_Work request:_
Repeat the span of the entries below that starts at the line with "Now, that may" and ends at the line with "One of the frequent", nothing more. Skip the pictures.

□ □ □ □ □ □ □

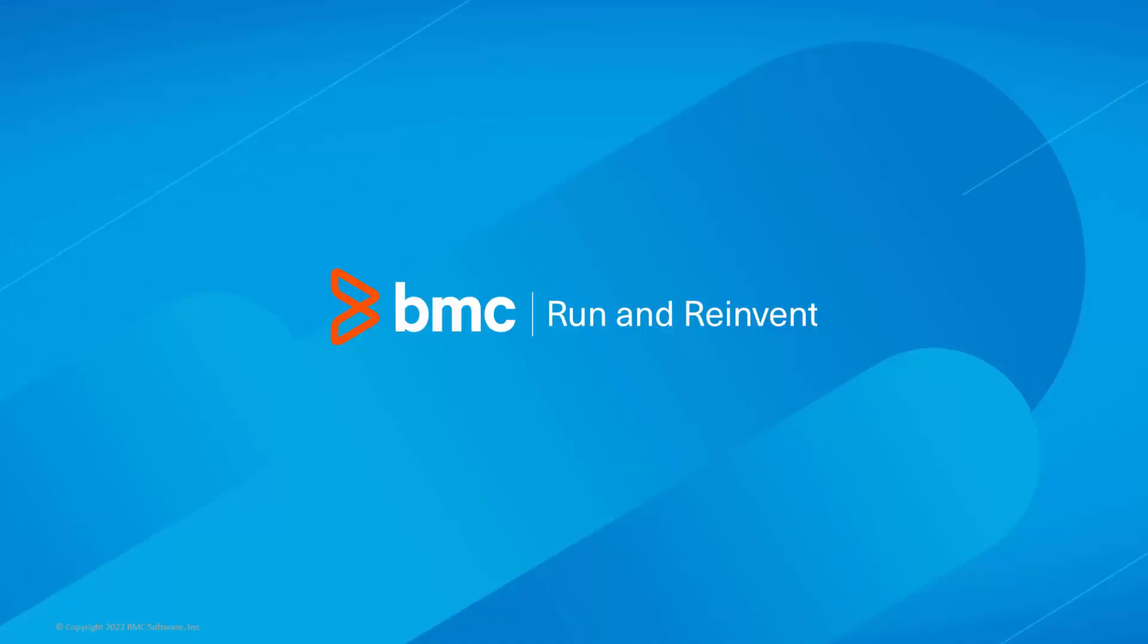That concludes this Control-M solutions video. Please see our knowledge base and YouTube channel for more videos like this.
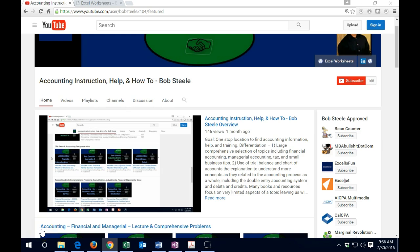Hello, this channel has accounting resources. Whether you are a student, work in the accounting department, or are a small business looking for accounting resources, this channel will have resources for you.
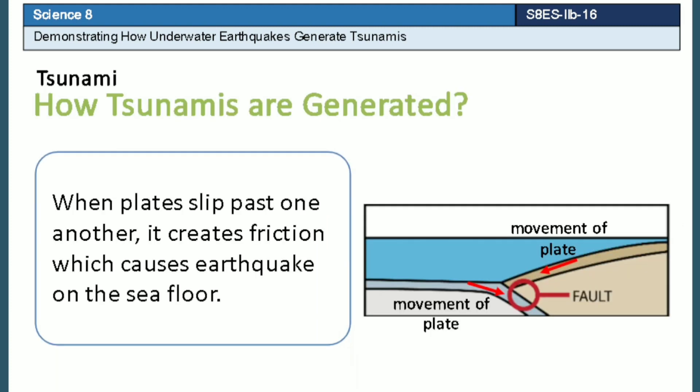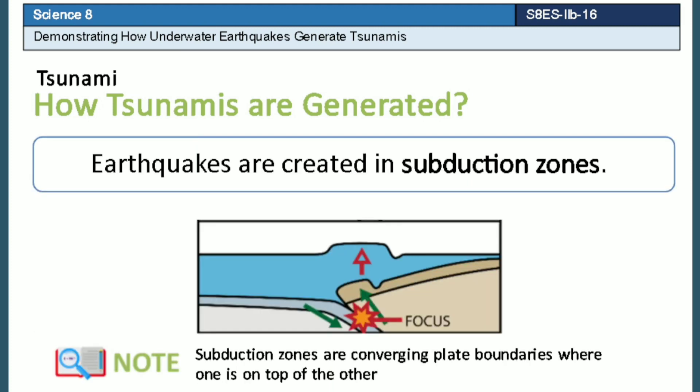When plates slip past one another, it creates friction which causes an earthquake on the sea floor. Earthquakes are created in subduction zones. Subduction zones are converging plate boundaries where one plate is on top of the other.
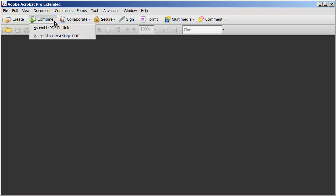Now, that may sound a little bit unusual, but we'll look at that in just a little bit. The other option here is to merge files into a single PDF, and that's primarily what we're interested in right now.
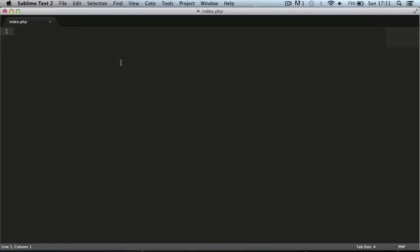Hi and welcome to this video. Today we're going to be learning how to create a poll using PHP, so let's get started.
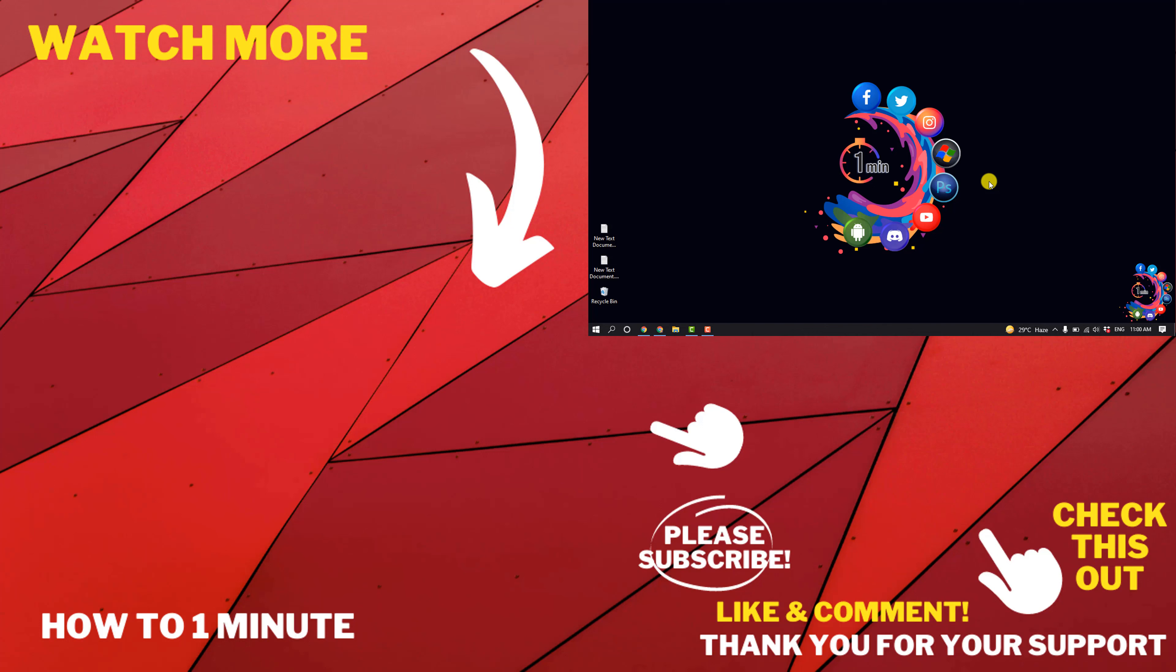If you'd like to see more videos, please check the links in the description. If this video helped you, give a thumbs up and please consider subscribing to How to One Minute. Thank you for watching.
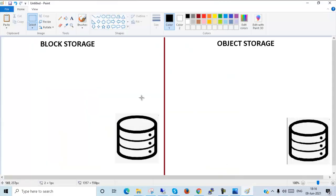So, block storage and object storage — what is block storage and what is object storage? Block storage is suitable for transactional databases where random read and write operations occur, and for structured database storage.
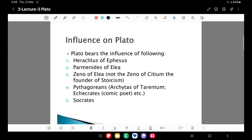Who all influenced Plato's ideas? Plato bears the influence of the following people: Heraclitus of Ephesus, Parmenides of Elia, Zeno of Elia — not the Zeno of Cetium who is the founder of Stoicism, which I will also devote a lecture to — the Pythagoreans, Archytas of Tarentum, and Aecratus who was a comic poet. Some of these people who were Pythagorean in their approach also influenced Plato's ideas to an extent.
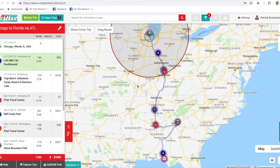One of the frequent questions we get at the RV Trip Wizard Help Desk is how do I delete a trip? Today we're going to show you how to copy a trip and delete that trip.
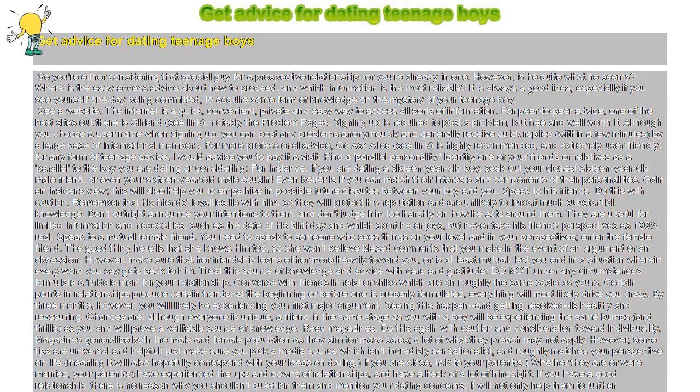This will also help you to empathize in possible future disputes between your boy and you.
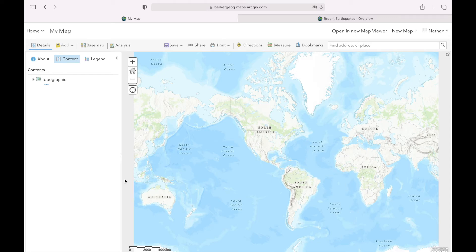For this project we're going to map the location of recent earthquakes around the globe, and we're also going to add a layer identifying tectonic plate boundaries and see if the location of the earthquakes matches those boundary locations.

□ □ □ □ □ □ □

_Task output:_
Now, that may sound a little bit unusual, but we'll look at that in just a little bit. The other option here is to merge files into a single PDF, and that's primarily what we're interested in right now.
Hi and welcome to this video. Today we're going to be learning how to create a poll using PHP, so let's get started.
If you'd like to see more videos, please check the links in the description. If this video helped you, give a thumbs up and please consider subscribing to How to One Minute. Thank you for watching.
So, block storage and object storage — what is block storage and what is object storage? Block storage is suitable for transactional databases where random read and write operations occur, and for structured database storage.
Who all influenced Plato's ideas? Plato bears the influence of the following people: Heraclitus of Ephesus, Parmenides of Elia, Zeno of Elia — not the Zeno of Cetium who is the founder of Stoicism, which I will also devote a lecture to — the Pythagoreans, Archytas of Tarentum, and Aecratus who was a comic poet. Some of these people who were Pythagorean in their approach also influenced Plato's ideas to an extent.
One of the frequent questions we get at the RV Trip Wizard Help Desk is how do I delete a trip? Today we're going to show you how to copy a trip and delete that trip.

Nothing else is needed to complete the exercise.